When I was in the thick of it — brambles in my face, the path before me imperceptible, the night full of terrors — the people in my life, the people closest to me, would often say to me, “Your life is good. You have everything. You should be happy.” Rationally, I knew that they were right. I did have everything. I had everything that I had ever wanted, everything I had worked for. And yet, I couldn’t feel it anywhere — not in my body, not in my heart, not in my estimation of a soul. None of these reassurances or rationalizations reverberated within me. None of it meant anything to me.
Under the American religion of individualism, unhappiness becomes a personal, moral failing. The right to the pursuit of happiness, so generously bestowed upon us by privileged men at the apexes of success and significance, undermines the complexities of what it actually means to pursue happiness — or what happiness even is.

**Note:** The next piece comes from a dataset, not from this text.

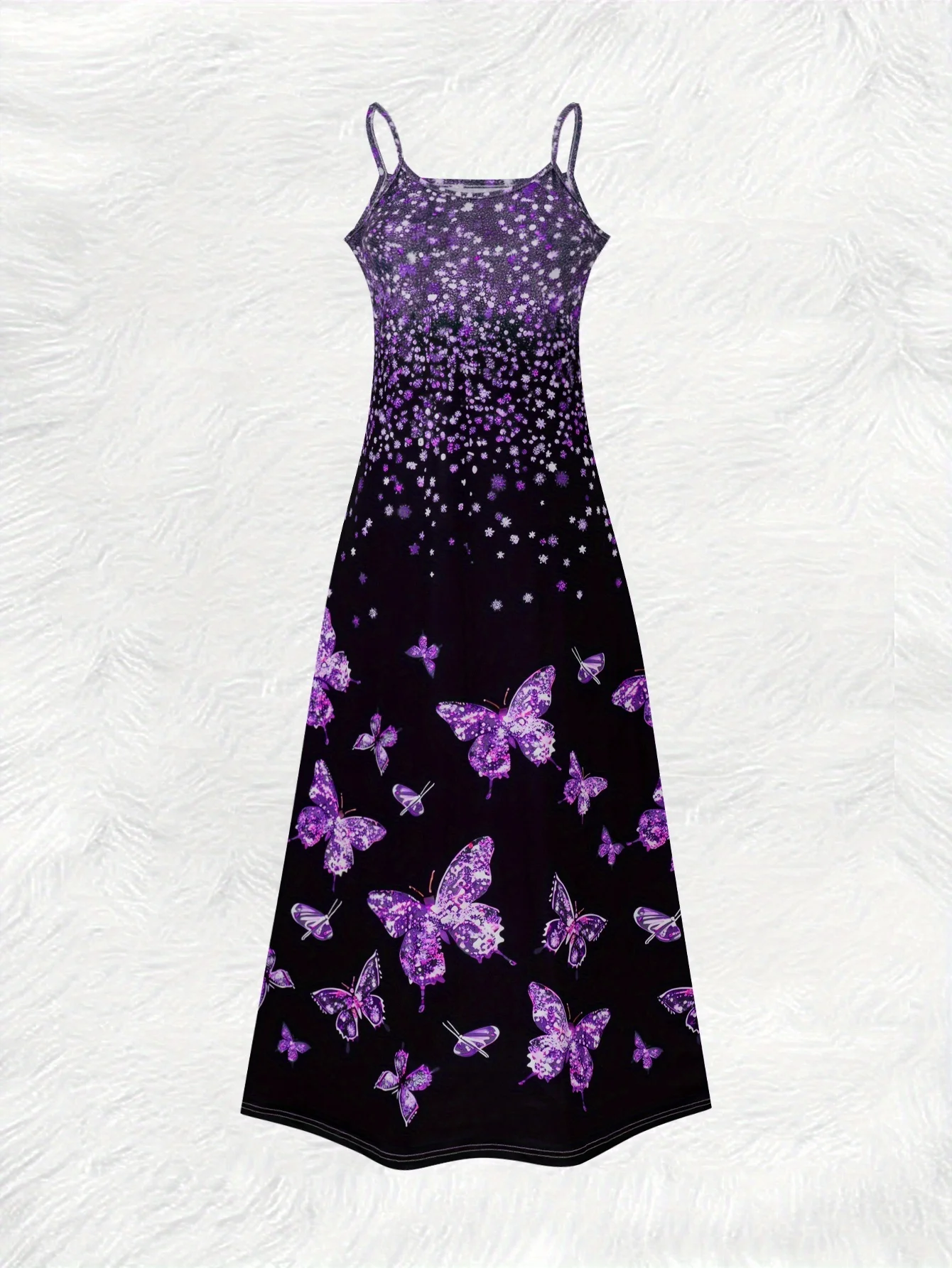 This round neck spaghetti strap maxi dress features a dazzling purple glitter butterfly print on a sleek black base. Soft and fl view 3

Centuries later, this oversimplification continues to be perpetuated in our culture, in our media, in our self-help books. The belief that you can achieve anything — including happiness — if you “put your mind to it” is persistent and pervasive (“when there’s a will, there’s a way,” “do, do not try. there is no try”).
There is nowhere that this is more entrenched than in the immigrant psyche. As a first-generation immigrant, my childhood can be defined by the word, 忍, or “endure,” (followed closely by the phrase, “because I said so”). If you want something, work for it. Then, work harder. I was made of skin and bones, water and grit.
Fifteen years later, when I told my mom, in a fit of tears, that I was depressed, she responded first by being incredulous, and then by telling me that I brought it upon myself by choosing to be nomadic for the past year — “what did you expect with all this instability?”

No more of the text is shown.